Issues: Najbergier wants to promote a "peace economy" that does not rely on military-related industry. He favors affordable housing and a 30-hour workweek with the same pay to create more jobs. He advocates free child care funded by the government and free education, including college classes. He believes police officers should be licensed by the state and elected by people in the communities in which they live. He favors the legalization and government control of drugs. He opposes the death penalty.

Hank Starr

Age: 60

Party: Democrat

Occupation: Attorney

Education: Bachelor's degree in speech from UCLA; law degree from UCLA.

Background: Bell Canyon resident for 10 years; active in grass-roots Democratic clubs; has served on boards of San Fernando Valley Bar Assn., Northridge Chamber of Commerce and Encino Chamber of Commerce; former president of Bell Canyon Assn.; served two years in U.S. Air Force as a staff judge advocate; was a member of Law Review at UCLA; has never run for public office before.

Issues: Starr advocates abortion rights for women. He wants to reduce the maximum school class size to 25 students and provide more supplies and equipment to public schools. To pay for this, he wants to review the state's existing education budget and provide further funding, if necessary. He favors campaign financing reforms that would limit individuals, corporations and political action committees to donations of no more than $250 to any specific candidate.

Cathie Wright

Age: 63

Party: Republican

Occupation: Assemblywoman

Education: A two-year degree from Lackawanna Junior Business College in Scranton, Pa.; attended drafting and surveying classes at Scranton University.

Background: Simi Valley resident for 26 years; elected to Simi Valley City Council in 1978, served as mayor in 1979; elected to California Assembly in 1980 and reelected five times; vice chairwoman of Assembly's Ways and Means Committee; named one of the Assembly's most conservative voters by a taxpayers' watchdog group in 1991; authored law creating the Ventura Project to aid emotionally disturbed children.

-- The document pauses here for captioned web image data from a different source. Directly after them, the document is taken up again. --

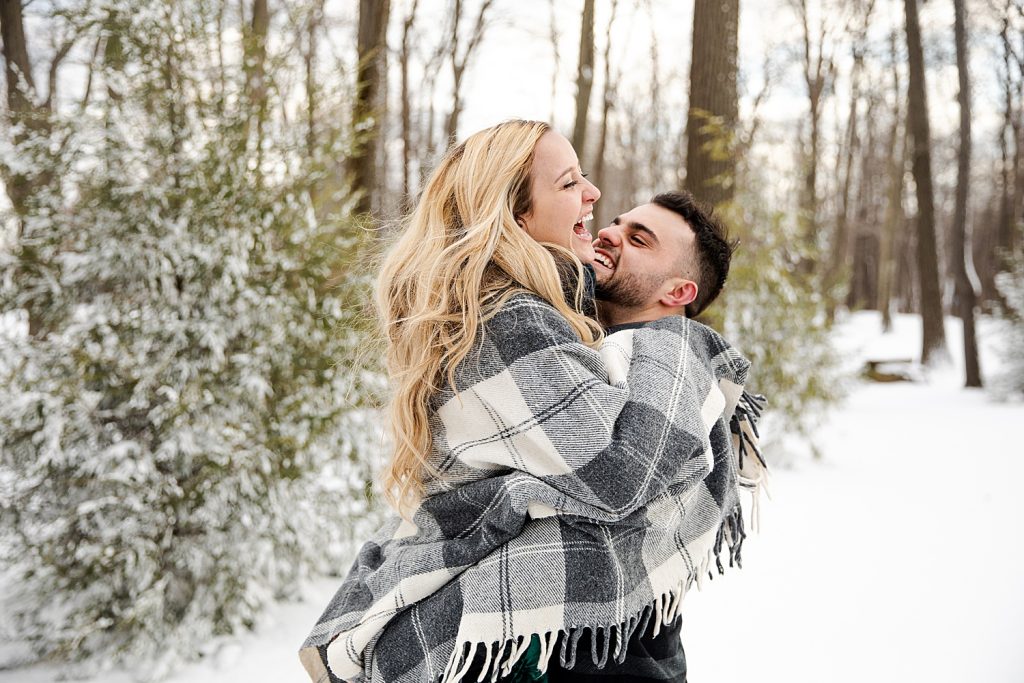 Snowy Winter Engagement Shoot At Seven Springs | Burgh Brides | Kayla Bri Photography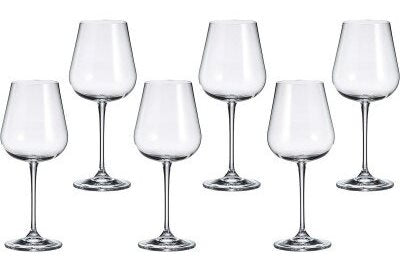 Bohemia Strix Wine Glass Set, 450 mL, 6 pcs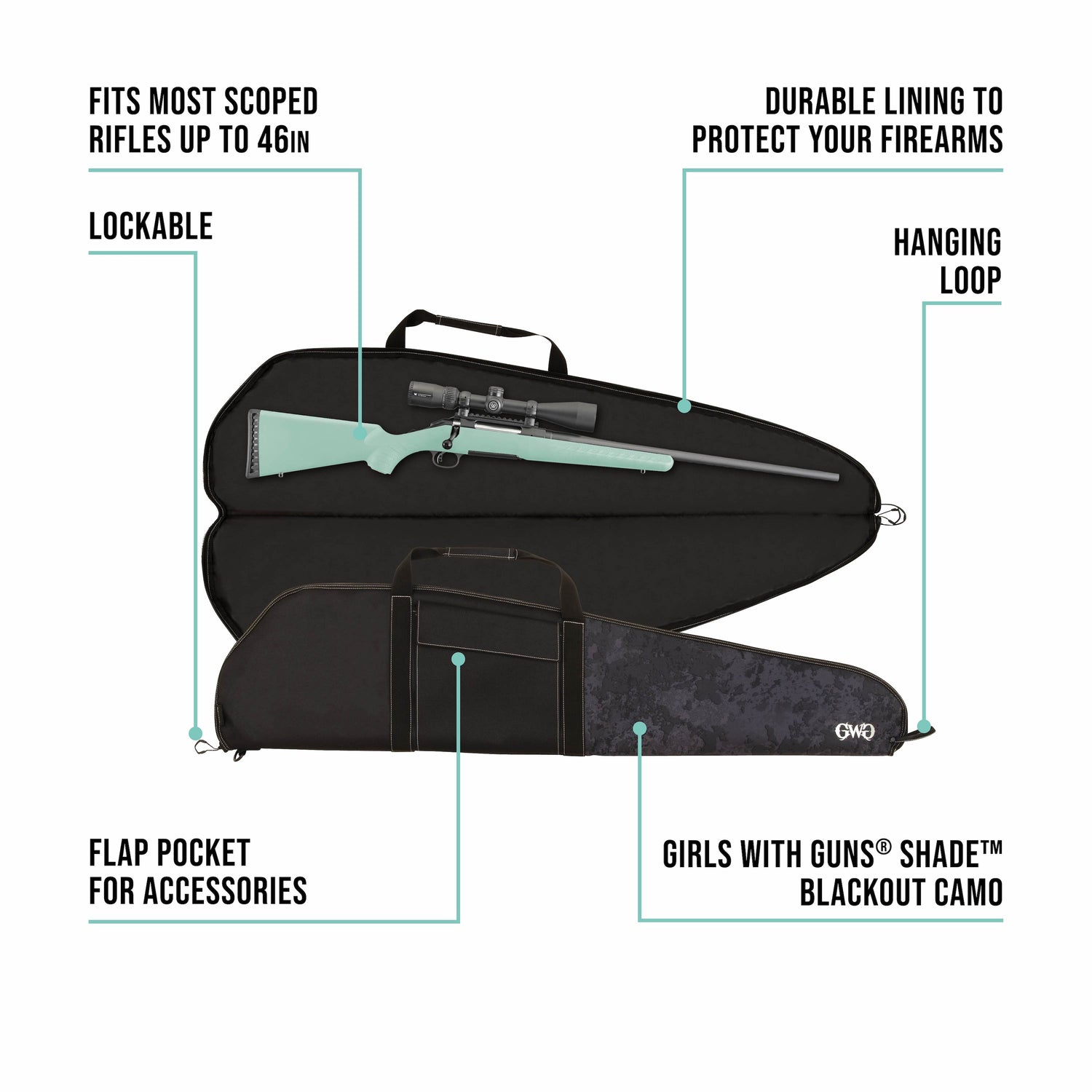 Midnight Lockable Rifle Case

Issues: Wright wants to make California more attractive to business by reforming workers' compensation laws, streamlining the process to get permits and making environmental rules less restrictive. She wants to reform the tort system to discourage lawsuits that she believes increase the costs of health care. She seeks to expand throughout California the Ventura Project, a program to aid emotionally disturbed children now operating in four counties. She believes education must be provided more efficiently, without extra tax dollars.